The passing of title is not a matter of consequence so that the legislature may be said to have been concerned with property rights in things with a local situs. No doubt executory contracts made in violation of the act would not be enforced, but executed contracts are affected no further than that the seller may recover treble the portion of the price withheld. The title to grain delivered pursuant to the sale is not disturbed.

The statute is leveled at the conduct of a purchaser toward a seller in the matter of figuring and paying the sum due on a personal obligation, and criminality no more depends upon the situs of the property or of the various features of the transaction giving rise to the obligation than if it were a statute to punish shortchanging. This being true, all questions of the conflict of laws go out of the case. We have an ordinary criminal statute without any extraterritorial aspect whatever, and since all the conduct giving rise to the information filed in Wyandotte county was exhibited in *250the state of Missouri the petitioner is entitled to a discharge from further custody.
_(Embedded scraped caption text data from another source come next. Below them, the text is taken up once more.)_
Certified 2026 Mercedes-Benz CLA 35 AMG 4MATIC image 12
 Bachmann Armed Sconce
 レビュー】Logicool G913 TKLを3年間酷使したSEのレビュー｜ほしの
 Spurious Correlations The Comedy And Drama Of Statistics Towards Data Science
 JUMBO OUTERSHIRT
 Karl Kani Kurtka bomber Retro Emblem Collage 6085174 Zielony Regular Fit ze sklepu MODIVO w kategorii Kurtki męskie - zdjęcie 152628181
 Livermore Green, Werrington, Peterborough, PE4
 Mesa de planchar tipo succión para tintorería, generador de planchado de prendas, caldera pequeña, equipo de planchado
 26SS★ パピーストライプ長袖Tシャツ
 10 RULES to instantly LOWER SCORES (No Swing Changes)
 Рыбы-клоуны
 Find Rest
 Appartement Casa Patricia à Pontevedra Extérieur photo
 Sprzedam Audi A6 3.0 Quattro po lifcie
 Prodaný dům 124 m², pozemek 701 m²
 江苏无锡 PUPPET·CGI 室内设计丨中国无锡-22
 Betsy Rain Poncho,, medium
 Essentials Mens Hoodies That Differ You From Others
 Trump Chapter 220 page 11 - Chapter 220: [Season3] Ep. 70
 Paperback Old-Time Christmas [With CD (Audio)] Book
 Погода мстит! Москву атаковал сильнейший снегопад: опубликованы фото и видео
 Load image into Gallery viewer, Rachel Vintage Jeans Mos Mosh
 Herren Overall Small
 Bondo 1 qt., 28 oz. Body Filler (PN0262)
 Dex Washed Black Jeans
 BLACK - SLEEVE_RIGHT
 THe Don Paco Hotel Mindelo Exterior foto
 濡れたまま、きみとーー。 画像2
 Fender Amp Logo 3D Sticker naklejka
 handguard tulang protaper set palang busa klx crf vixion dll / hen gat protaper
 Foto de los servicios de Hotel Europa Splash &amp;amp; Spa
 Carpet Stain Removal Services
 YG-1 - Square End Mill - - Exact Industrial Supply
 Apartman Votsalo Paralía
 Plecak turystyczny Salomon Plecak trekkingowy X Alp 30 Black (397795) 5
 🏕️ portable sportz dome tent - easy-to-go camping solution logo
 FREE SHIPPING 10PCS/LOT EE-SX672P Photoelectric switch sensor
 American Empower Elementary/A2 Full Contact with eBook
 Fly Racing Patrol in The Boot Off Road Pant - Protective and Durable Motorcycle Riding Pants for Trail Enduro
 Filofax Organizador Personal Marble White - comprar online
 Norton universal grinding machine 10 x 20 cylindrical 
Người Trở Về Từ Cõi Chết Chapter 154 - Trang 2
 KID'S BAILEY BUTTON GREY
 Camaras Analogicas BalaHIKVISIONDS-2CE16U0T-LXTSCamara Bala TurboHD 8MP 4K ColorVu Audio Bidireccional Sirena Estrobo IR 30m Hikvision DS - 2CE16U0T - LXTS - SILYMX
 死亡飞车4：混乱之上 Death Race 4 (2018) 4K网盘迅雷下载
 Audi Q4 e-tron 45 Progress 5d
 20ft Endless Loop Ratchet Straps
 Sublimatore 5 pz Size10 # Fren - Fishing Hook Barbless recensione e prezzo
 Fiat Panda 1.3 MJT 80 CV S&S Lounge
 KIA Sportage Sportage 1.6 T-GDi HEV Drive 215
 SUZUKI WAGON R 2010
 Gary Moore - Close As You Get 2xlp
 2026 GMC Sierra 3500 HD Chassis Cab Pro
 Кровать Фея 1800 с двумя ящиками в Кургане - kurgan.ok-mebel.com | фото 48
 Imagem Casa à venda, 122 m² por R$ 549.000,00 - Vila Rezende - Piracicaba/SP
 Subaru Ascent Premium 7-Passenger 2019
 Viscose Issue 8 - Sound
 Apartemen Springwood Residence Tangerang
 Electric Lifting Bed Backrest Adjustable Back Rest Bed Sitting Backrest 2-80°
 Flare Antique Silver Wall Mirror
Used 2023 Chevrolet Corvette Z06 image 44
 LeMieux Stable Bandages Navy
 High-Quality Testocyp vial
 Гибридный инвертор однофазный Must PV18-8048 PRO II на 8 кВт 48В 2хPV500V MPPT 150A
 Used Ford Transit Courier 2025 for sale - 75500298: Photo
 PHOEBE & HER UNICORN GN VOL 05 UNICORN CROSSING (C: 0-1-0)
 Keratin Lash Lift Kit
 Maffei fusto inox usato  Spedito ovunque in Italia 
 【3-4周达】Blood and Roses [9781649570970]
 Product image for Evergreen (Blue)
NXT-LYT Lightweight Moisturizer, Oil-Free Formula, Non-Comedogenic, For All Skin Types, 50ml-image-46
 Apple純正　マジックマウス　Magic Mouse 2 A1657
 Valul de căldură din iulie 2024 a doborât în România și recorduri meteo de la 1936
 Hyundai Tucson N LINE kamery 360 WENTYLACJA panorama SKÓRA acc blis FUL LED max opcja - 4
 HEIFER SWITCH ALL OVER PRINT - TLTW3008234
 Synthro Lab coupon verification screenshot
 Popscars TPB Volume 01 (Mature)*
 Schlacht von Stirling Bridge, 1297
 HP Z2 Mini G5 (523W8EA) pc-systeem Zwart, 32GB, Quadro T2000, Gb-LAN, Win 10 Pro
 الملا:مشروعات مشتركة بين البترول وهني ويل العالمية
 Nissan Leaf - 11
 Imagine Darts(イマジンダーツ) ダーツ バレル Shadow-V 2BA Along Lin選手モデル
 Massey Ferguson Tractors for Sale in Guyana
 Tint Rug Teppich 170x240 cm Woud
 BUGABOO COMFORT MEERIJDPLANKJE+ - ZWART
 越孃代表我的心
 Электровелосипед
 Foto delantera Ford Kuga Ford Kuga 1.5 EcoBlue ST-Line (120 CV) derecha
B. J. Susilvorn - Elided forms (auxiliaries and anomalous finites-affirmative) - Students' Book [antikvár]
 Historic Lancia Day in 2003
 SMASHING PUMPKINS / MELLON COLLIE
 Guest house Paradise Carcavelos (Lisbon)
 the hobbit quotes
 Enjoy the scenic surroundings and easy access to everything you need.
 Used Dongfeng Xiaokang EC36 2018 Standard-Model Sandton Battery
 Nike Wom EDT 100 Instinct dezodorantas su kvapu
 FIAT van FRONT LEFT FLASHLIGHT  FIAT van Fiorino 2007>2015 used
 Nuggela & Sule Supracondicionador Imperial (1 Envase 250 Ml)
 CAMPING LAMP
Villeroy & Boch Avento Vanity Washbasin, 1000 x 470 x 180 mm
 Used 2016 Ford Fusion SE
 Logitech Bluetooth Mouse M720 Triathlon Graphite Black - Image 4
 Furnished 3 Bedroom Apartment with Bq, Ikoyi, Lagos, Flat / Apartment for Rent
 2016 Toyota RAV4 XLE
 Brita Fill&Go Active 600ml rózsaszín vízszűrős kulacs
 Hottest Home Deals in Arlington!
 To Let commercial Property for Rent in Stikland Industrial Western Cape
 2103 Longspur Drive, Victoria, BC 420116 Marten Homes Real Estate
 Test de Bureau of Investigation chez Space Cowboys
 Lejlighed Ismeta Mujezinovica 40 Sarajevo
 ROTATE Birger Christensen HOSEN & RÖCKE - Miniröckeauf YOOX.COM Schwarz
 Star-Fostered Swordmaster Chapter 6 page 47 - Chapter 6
For the sake of argument let it be conceded that the legislature intended the statute should apply, and had the power to make it apply, to settlements made outside the state for the price of sales seated in Kansas. Where was this sale made ? The ultimate criterion is the place where the last act was performed necessary to consummate the contract. (2 Whart. Conflict of Laws, 3d ed., § 422a.) The offer and acceptance both occurred in Missouri. The wheat was not physically in the possession of the seller. He had the right to possession, but the grain was actually in the custody of a common carrier, as bailee. The wheat was represented by a bill of lading, which for general commercial purposes was the equivalent of the property itself. When the seller delivered this bill of lading to the purchaser he performed the last act required of him. The purchaser accepted the bill of lading for the grain itself and took the responsibility of acquiring actual possession from the carrier. He could call upon the seller for nothing more. When the purchaser paid for the wheat he performed the last act required of him. Therefore every legal constituent of this sale from first to last was seated in Missouri, and the district court of Wyandotte county has no jurisdiction over any one of them.

Other questions raised and argued need not be considered. The petitioner is discharged.